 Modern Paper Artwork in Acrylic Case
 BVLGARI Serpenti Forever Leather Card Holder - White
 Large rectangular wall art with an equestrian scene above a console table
--*--
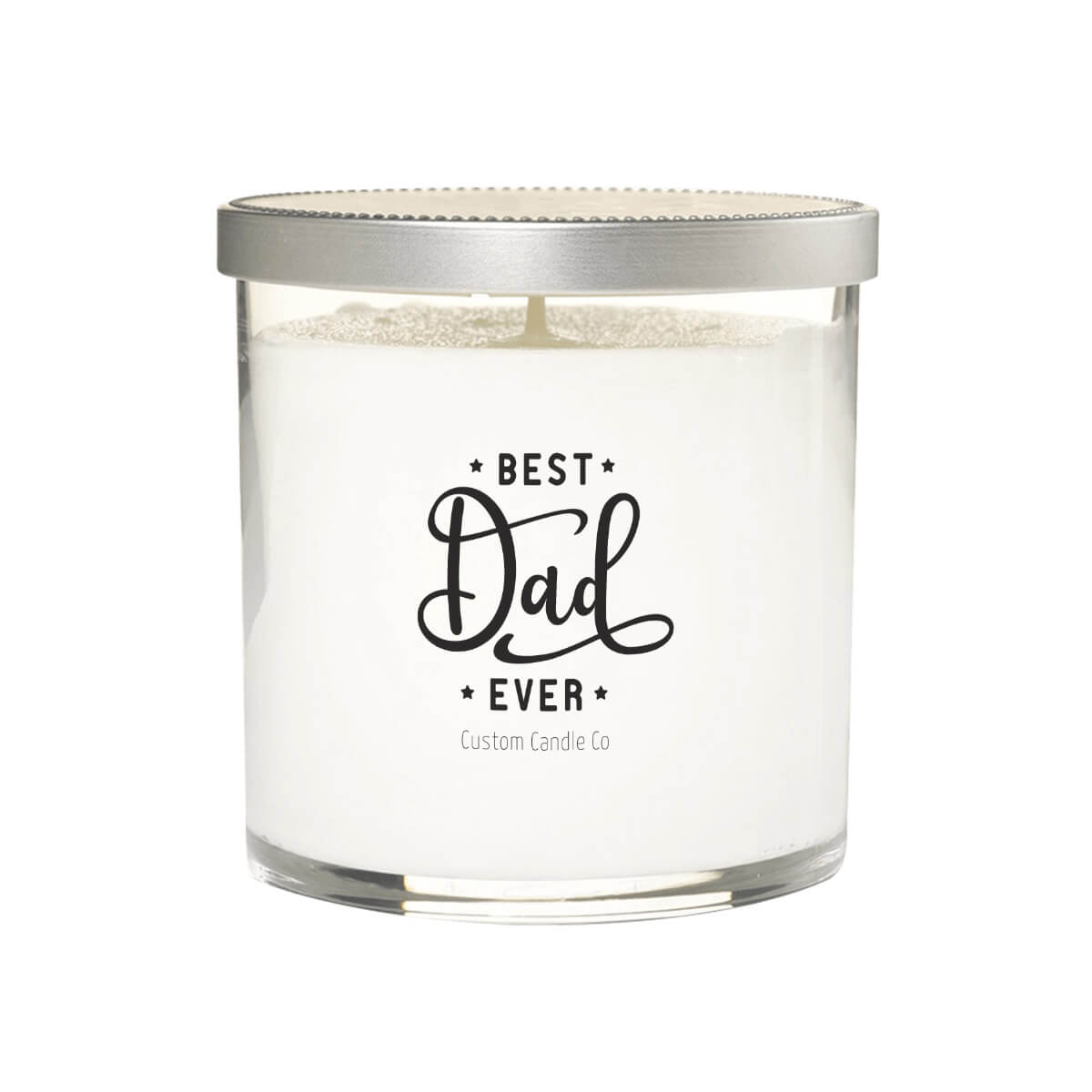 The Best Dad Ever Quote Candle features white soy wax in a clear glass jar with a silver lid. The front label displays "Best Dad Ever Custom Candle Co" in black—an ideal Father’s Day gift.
--*--
** EXERCISE **
Would you print exactly and only the lines of the material above that run from the line with "Modern Paper Artwork in Acrylic Case" through the line with "Large rectangular wall", both included?

** SOLUTION TO THIS TASK **
 Modern Paper Artwork in Acrylic Case
 BVLGARI Serpenti Forever Leather Card Holder - White
 Large rectangular wall art with an equestrian scene above a console table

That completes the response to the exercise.